— Input for this task —
..........

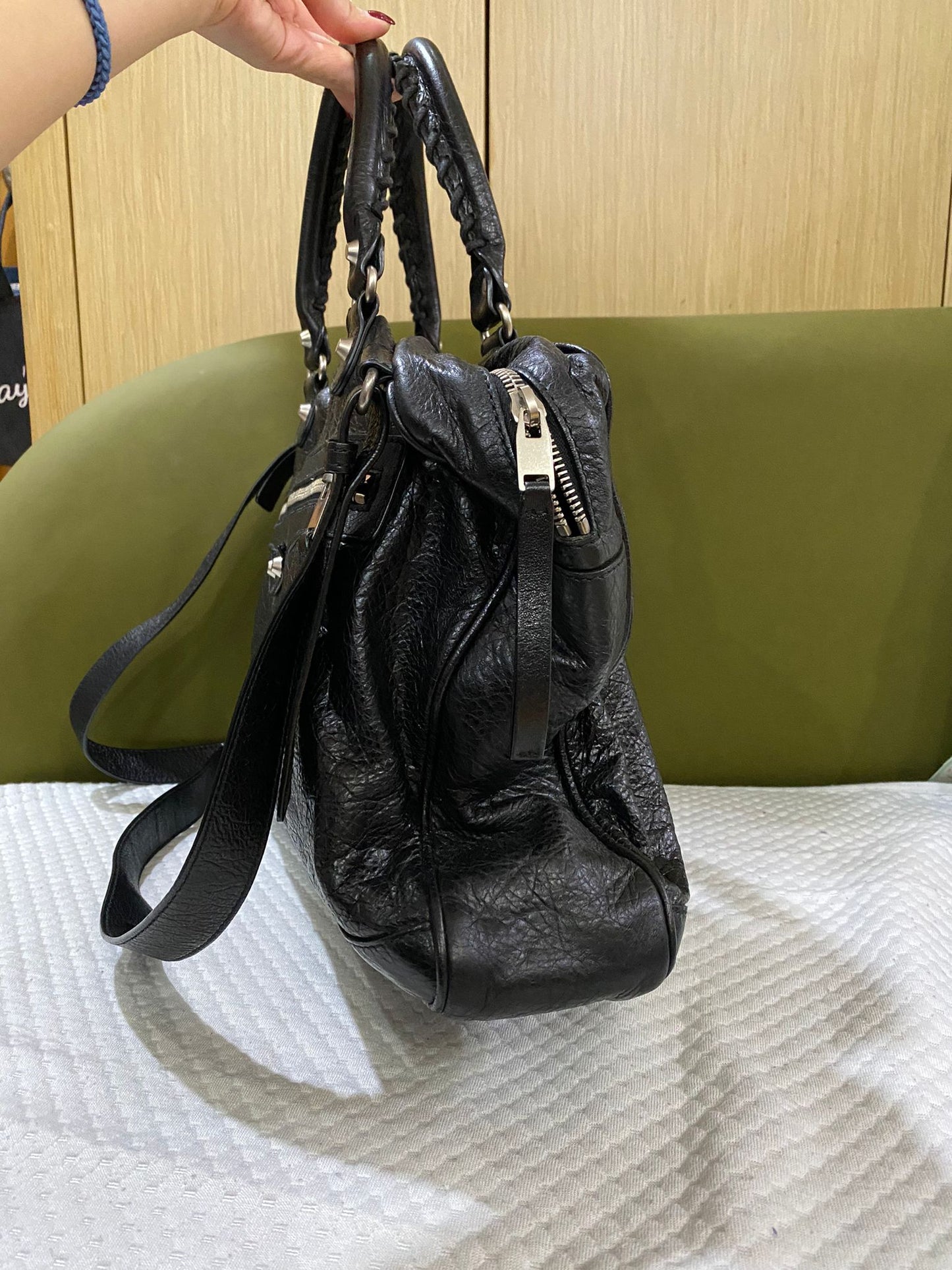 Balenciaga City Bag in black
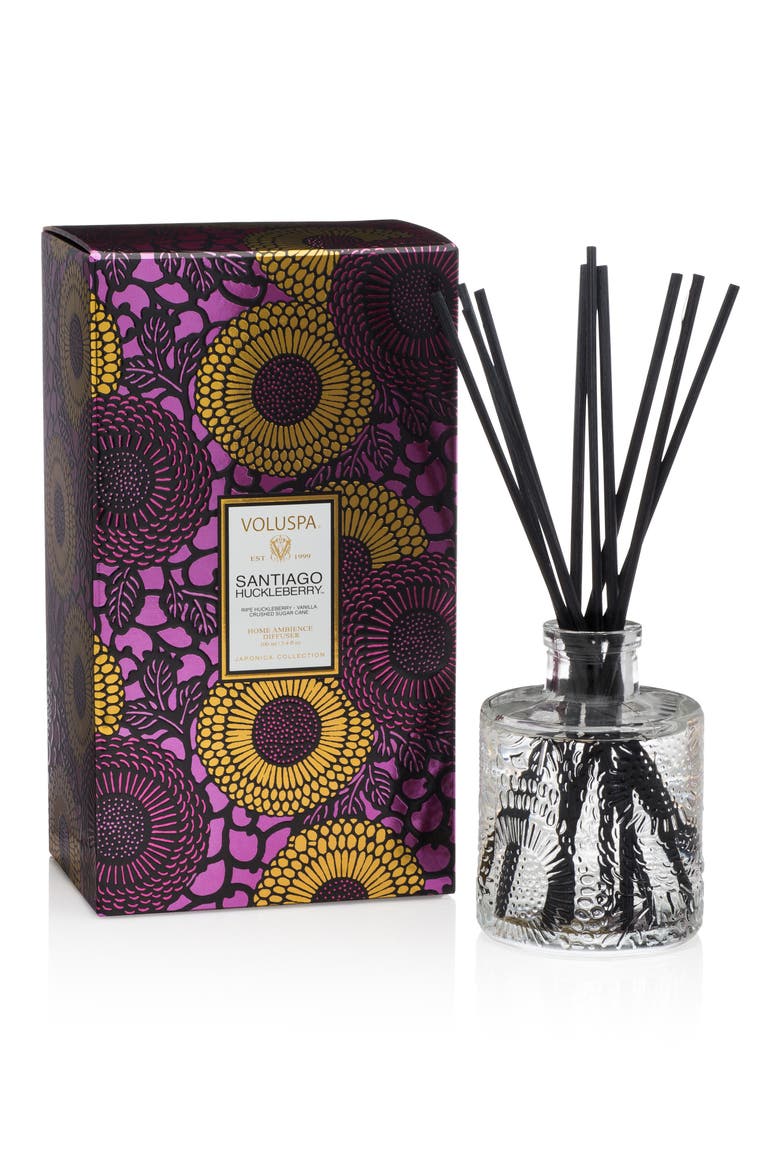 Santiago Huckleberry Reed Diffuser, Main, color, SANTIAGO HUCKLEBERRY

..........

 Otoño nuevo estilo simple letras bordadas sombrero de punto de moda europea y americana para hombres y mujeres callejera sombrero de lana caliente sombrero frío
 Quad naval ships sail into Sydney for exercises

..........

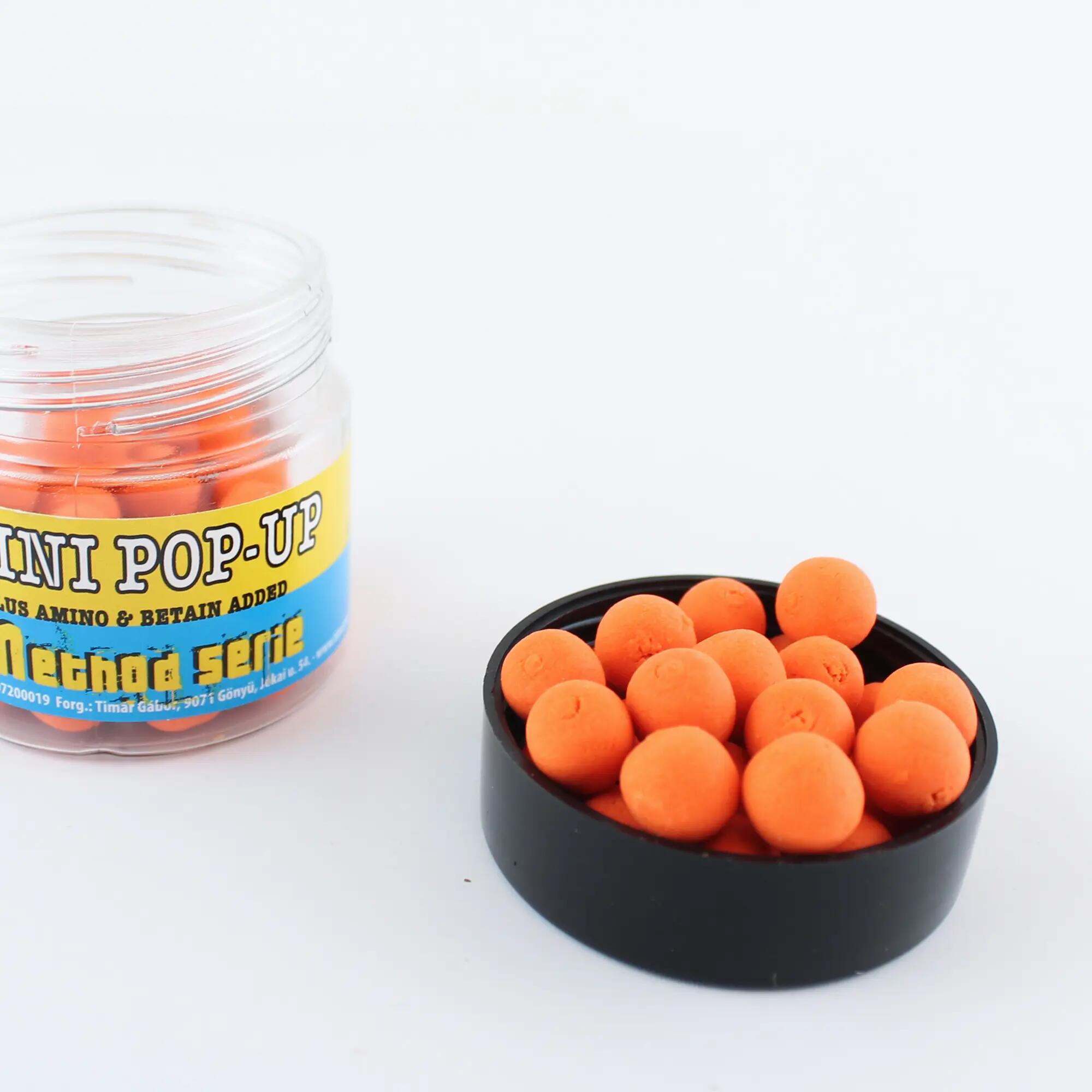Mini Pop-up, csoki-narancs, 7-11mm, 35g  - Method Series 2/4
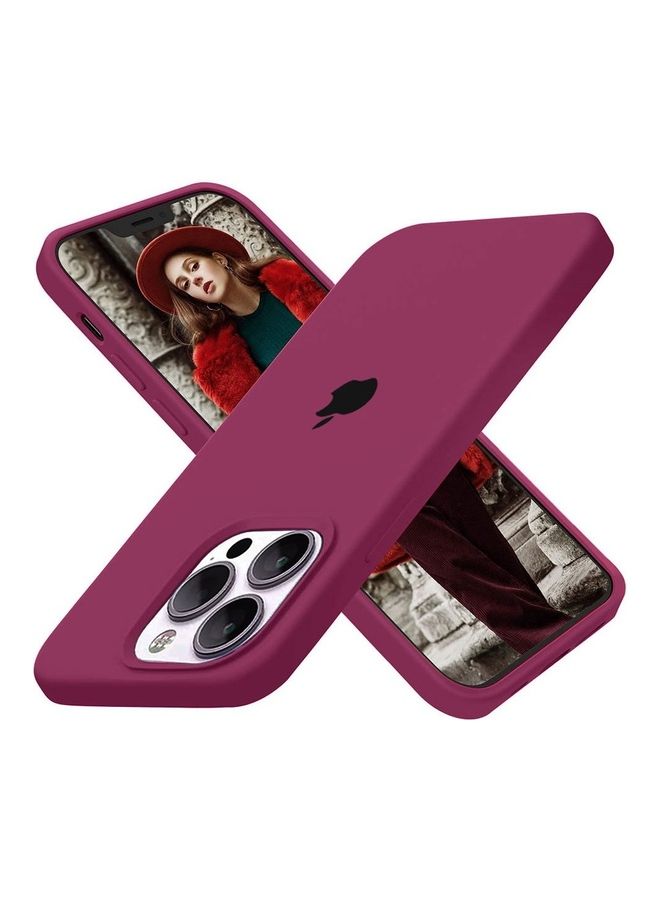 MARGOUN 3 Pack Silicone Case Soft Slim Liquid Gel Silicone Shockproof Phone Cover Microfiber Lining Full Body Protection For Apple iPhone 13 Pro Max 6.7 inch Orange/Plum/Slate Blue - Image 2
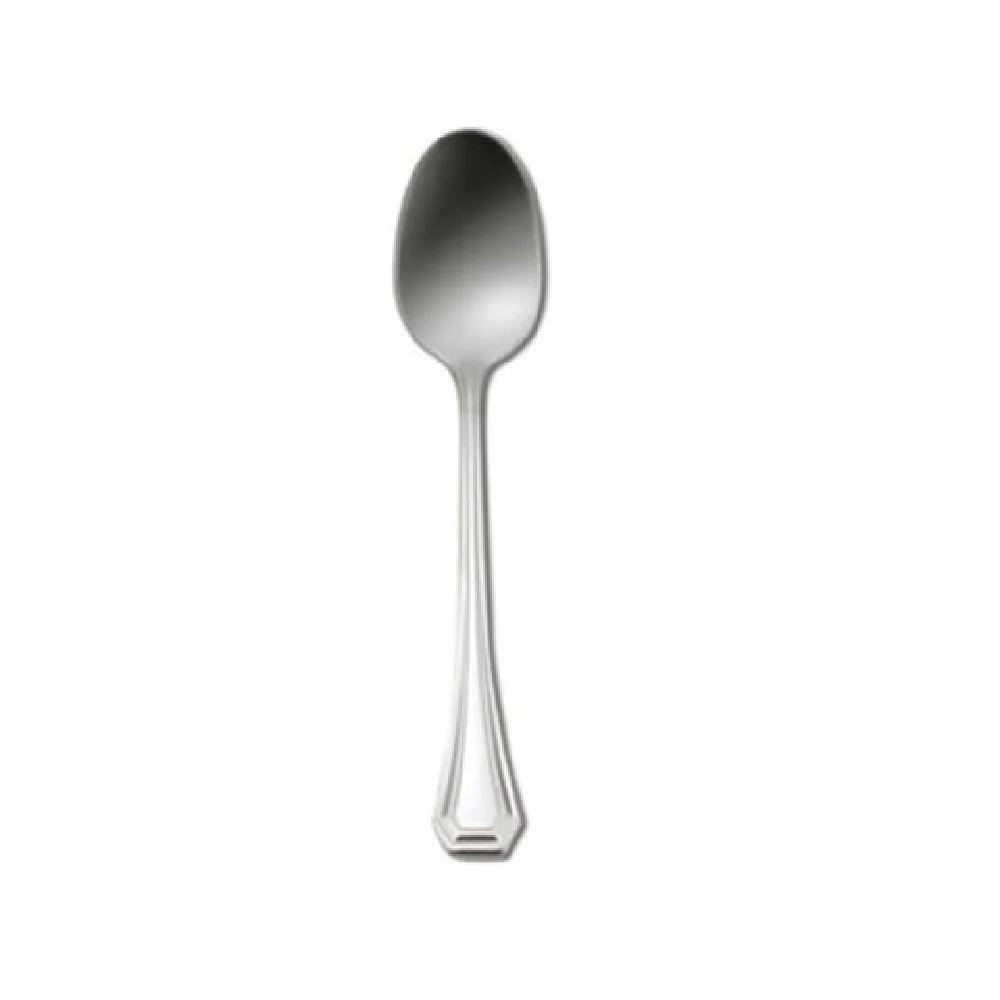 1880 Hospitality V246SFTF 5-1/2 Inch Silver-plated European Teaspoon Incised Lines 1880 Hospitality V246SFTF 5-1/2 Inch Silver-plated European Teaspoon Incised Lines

..........

From the records above, write out exactly the lines that begin at the line with "MARGOUN 3 Pack" and end at the line with "Incised Lines 1880". Pictures must not appear in the output.

— Solution to this problem —
 MARGOUN 3 Pack Silicone Case Soft Slim Liquid Gel Silicone Shockproof Phone Cover Microfiber Lining Full Body Protection For Apple iPhone 13 Pro Max 6.7 inch Orange/Plum/Slate Blue - Image 2
 1880 Hospitality V246SFTF 5-1/2 Inch Silver-plated European Teaspoon Incised Lines 1880 Hospitality V246SFTF 5-1/2 Inch Silver-plated European Teaspoon Incised Lines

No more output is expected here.